Discussion in 'Workplace dilemmas' started by jeliella, May 18, 2019.

  1. jeliella

    jeliella New commenter

    Hi All, I’ll try to keep it brief.

    I moved to an independent school last September. They matched my pay (UPS 2) and agreed to a working week of 0.6. I have an offer letter to this effect. The contract I was given however had nothing about hours or pay in it. I brought this up with the head who claimed it wasn’t an issue and that no staff had hours in their contract so he wouldn’t make an exception for me. I was annoyed but didn’t feel like I had any options so I didn’t sign my contract but left the battle there.

    Roll on next year (Sept 2019) and they have given me 2 options, 0.45 over 3 days or 0.58 over 4 days. Both are a drop in hours and I feel the spread of hours over the days is unreasonable.

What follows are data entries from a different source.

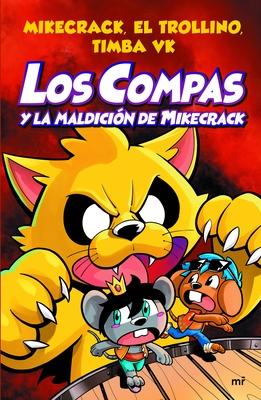 Compas 4. Los Compas Y La Maldicin de Mikecrack / Compas 4. Los Compas and the Curse of Mikecrack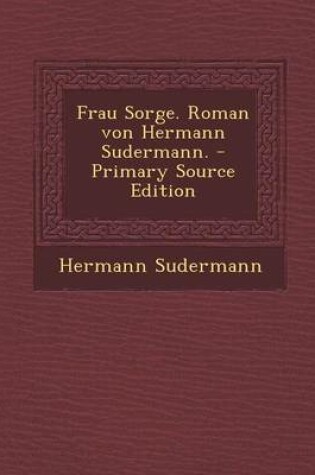 Cover of Frau Sorge. Roman Von Hermann Sudermann. - Primary Source Edition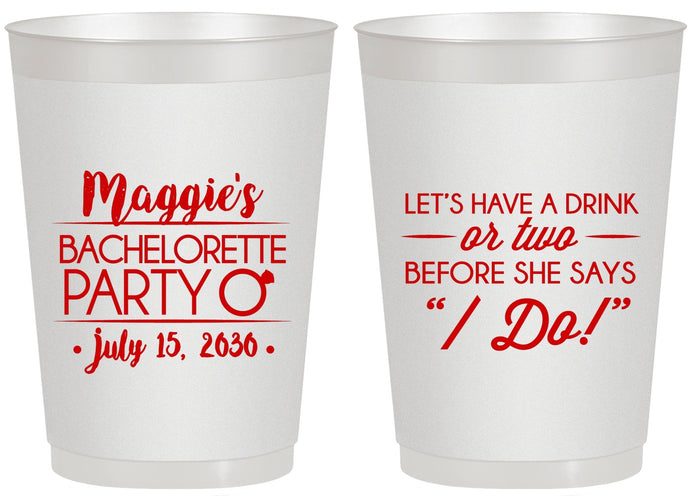 Personalized Bachelorette 20 oz Frosted Cups - Before She Says I Do | 60179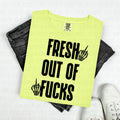"Fresh out of F*&*&" tee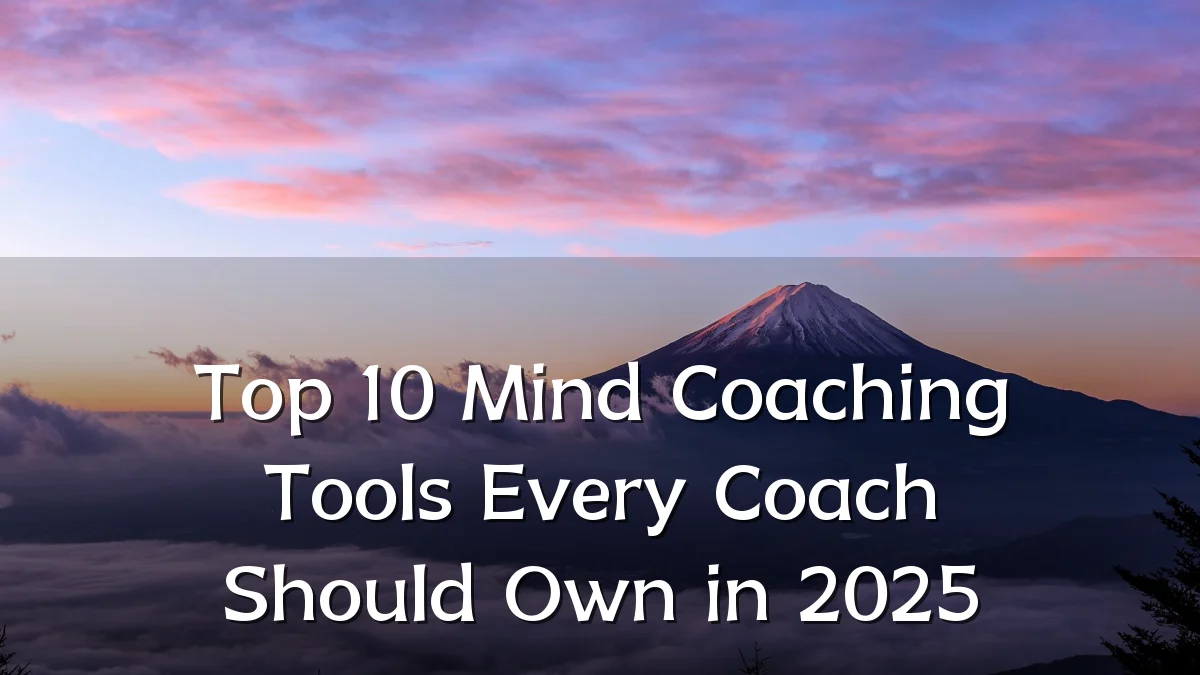 Top 10 Mind Coaching Tools Every Coach Should Own in 2025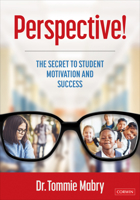 Perspective!: The Secret to Student Motivation and Success 1071856154 Book Cover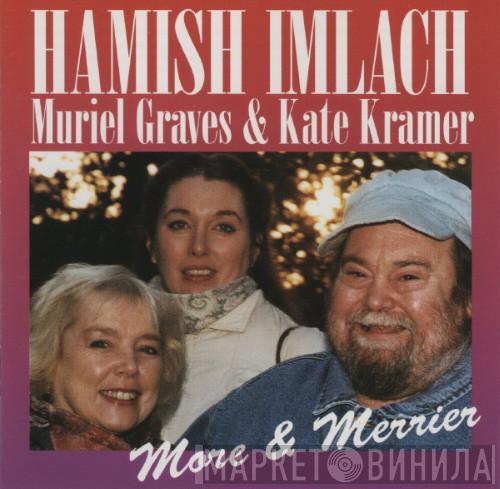 Hamish Imlach, Muriel Graves, Kate Kramer - More & Merrier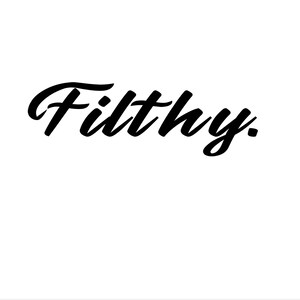 May include: A black and white image of the word "Filthy" written in a stylized, cursive font.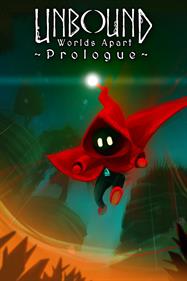 Unbound: Worlds Apart Prologue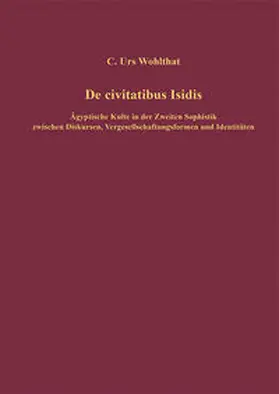 Wohlthat |  De civitatibus Isidis | Buch |  Sack Fachmedien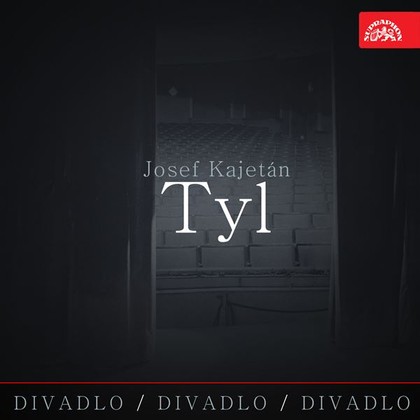 Audiokniha Divadlo, divadlo, divadlo Josef Kajetán Tyl - Jaroslav Vojta, Ljuba Skořepová, Miroslav Doležal, Josef Kajetán Tyl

    Has anyone been in a similar situation and what was the outcome? I’m on the lookout for another job and my subject is in high demand (Chemistry) but I have to give a full terms notice so I’m stuck until Xmas at least. I feel like I’ve been well and truly had!

    Any advice welcome :)
    pepper5 likes this.
  2. HelenREMfan

    HelenREMfan Star commenter

    OK it's a long time ago but I did 0.5 for 2 years over 4 days (plus I did all practices and matches being PE as a full timer would) This worm turned when the timetable for the 3rd year was giving me 0.5 over 5 days.... with an odd 'dead' period non-paid to boot. I went full time.....as I might as well have been paid!
    jeliella and agathamorse like this.
  3. Lara mfl 05

    Lara mfl 05 Star commenter

    My experience of an Indy, is that many 'art0timers' were paid sessionally, only for the hours they were class-based and indeed they were often spaced out over 4-5 days if teaching English, Maths or Science. Most 'full-timers' have a smaller teaching load than many State Schools, like between 70 -80% class contact depending on subject, but as supplies are not used, 'non-teaching periods' often involve covering for sick colleagues.
    Pay in Indies can vary enormously and I take it that yours is not one of the more generous ones, or else the drop in pay might not be so detrimental. :(
    jeliella and agathamorse like this.
  4. Rott Weiler

    Rott Weiler Star commenter Forum guide

    And that didn't ring any alarm bells or cause you to get union advice? Employers are legally required to notify you of this


    At least you have the written offer letter and acceptance to prove your 0.6.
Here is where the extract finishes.